The main response to this theory will properly come from Norris and Inglehart’s fellow scholars, and is likely to focus on three aspects: the authors’ interpretation of the data they offer, their critiques of some of the currently flourishing theories, and their view of secularization as driven by the accrual of “existential security.” Their articulation of the last seems to me particularly disappointing, little more than a restatement of Lucretius’s “Fear made the gods,” and a crude explanation for the crisis of religion, which could be explained as easily by Aleksandr Solzhenitsyn’s simple observation, “Men have forgotten God.”
What really ought to be addressed, however, are the implications of Norris and Inglehart’s findings for the Western democracies. They nowhere discuss religion as having more than a generic, functional role in assuring existential security. Such a view is inadequate for those who take the specific content of faith seriously, and who argue that faiths of a certain shape produce citizens of a certain shape, who in turn produce societies of a certain shape—in other words, that faith must be considered as a set of beliefs with particular consequences and not others. Weber’s magisterial work led the way in this direction, and Baylor University sociologist Rodney Stark’s important work on monotheism adds to it currently.

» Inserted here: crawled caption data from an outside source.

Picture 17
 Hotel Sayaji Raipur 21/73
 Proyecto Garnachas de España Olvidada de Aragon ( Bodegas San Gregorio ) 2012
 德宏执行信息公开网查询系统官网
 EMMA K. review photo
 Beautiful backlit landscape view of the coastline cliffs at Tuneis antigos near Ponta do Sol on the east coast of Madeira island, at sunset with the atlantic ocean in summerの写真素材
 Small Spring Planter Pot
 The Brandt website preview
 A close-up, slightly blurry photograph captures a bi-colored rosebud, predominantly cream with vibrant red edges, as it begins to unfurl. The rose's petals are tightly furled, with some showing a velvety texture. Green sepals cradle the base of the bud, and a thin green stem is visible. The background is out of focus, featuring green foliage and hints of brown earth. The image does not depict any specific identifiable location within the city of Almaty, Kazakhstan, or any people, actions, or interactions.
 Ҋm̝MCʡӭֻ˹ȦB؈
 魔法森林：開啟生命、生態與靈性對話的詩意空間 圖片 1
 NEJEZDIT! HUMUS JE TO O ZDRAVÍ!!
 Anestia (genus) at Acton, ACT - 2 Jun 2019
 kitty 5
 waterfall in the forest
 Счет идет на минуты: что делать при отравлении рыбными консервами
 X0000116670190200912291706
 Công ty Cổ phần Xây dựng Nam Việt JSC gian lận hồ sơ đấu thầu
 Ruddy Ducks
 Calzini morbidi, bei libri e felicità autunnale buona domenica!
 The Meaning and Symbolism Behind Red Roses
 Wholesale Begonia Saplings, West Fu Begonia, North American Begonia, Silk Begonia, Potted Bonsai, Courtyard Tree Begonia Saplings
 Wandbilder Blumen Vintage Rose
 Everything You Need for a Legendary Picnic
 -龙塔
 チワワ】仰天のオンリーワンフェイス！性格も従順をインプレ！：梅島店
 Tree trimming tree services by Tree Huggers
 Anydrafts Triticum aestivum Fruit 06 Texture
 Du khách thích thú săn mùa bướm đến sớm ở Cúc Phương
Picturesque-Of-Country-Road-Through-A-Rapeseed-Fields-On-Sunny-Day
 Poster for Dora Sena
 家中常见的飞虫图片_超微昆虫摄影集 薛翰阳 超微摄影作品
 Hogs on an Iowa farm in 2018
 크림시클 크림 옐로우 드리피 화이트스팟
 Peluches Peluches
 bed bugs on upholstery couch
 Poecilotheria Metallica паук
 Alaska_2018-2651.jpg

The condition of religion in the modern world is especially crucial to a society that links religion and public life in any way—and nowhere more crucial than in the United States. Religion in America has flourished not so much in spite of the separation of church and state as because of it. Far from setting up “Christian America,” or establishing any orthodoxy, religious or secular, the Framers envisioned the relationship of faith and freedom in what might be called a golden triangle: Freedom requires virtue, virtue requires faith (of some sort), and faith requires freedom. If the Framers were right, then as faiths go, so goes freedom—and so goes the Republic.
America has yet to experience the discussion of religion in 21st-century national life that “the great experiment” requires and deserves, not just from scholars but from a host of Americans—schoolteachers and political leaders alike. Norris and Inglehart provide data and arguments that will be an invaluable part of that discussion.